By Tambay A. Obenson | Shadow and Act January 8, 2013 at 2:56PM
Leslie Harris came along during what I'd call the golden 90s - when there was promise of a "revival" or a new wave in black cinema; one that seemed to flutter, wasn't sustained, and never fully actualized.
Her debut feature (her only feature film that I'm aware of) Just Another Girl On The I.R.T., is a coming-of-age story about an African American teenage girl (Chantel) from a working-class family in Brooklyn, with dreams of going to college, and becoming a doctor. Chantel is a smart student, despite all the challenges she faces - the responsibility of taking care of her brothers, working a part-time job at a local grocery store, all while also going to school full-time. However, her dreams are challenged when she becomes pregnant.

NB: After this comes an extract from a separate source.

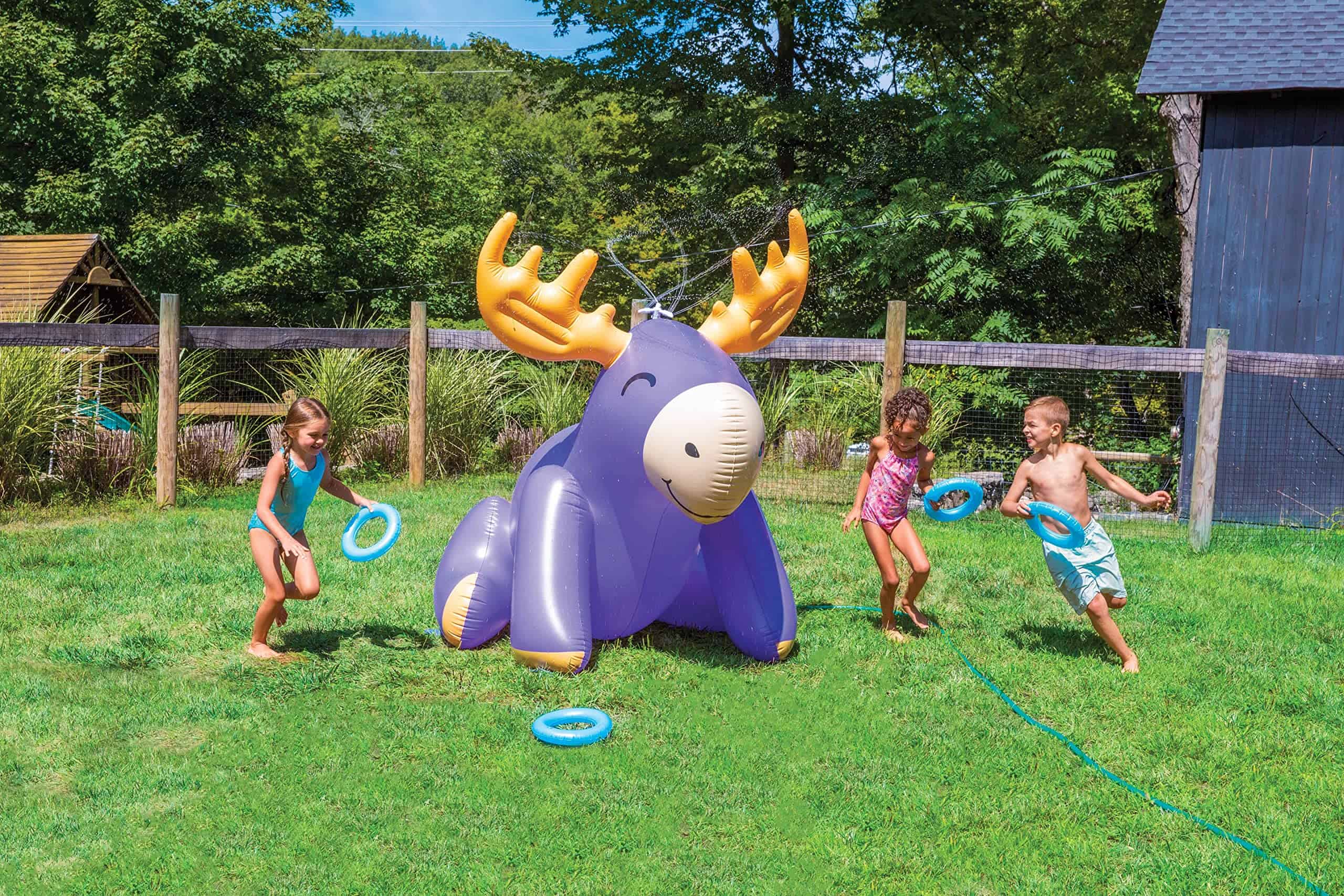 BigMouth Inc. Gigante Moose Ring Toss Inflable Rociador, - Imagen 7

The film was made with $100,000 in 1992, played at the 1993 Sundance Film Festival (where it won a Special Jury Prize), Toronto Film Festival, Tokyo Film Festival and others, and was picked up for distribution by the then Weinstein brothers-run Miramax, who released the film in theatres in March 1993, where it grossed an impressive $479,000 (or about $735,000 in today's dollars).
The film was mostly well-received by critics. I haven't watched it in very long time - many years ago; I do remember thinking it to be well-intentioned, topical and energetic, but uneven in its staging and performances, and heavy-handed in delivering its message.
But for a film of its budget at the time (pre- the digitial cinema explosion that would come about a decade later), it did its job.
I'll have to re-watch and re-visit it on this blog in the near future. My perspective on it might be different.
But those of you in NYC should know that, this Thursday, January 10th, at 7pm, there will be a 20th Anniversary screening of Just Another Girl on the I.R.T. at 92YTribeca, which will be followed by a panel discussion with director Leslie Harris, star of the film Ariyan Johnson, and writer Nelson George moderated by Uptown Magazine’s Angela Bronner Helm.
Tickets are $12 general admission, or $8 for 92YTribeca Film Club Members.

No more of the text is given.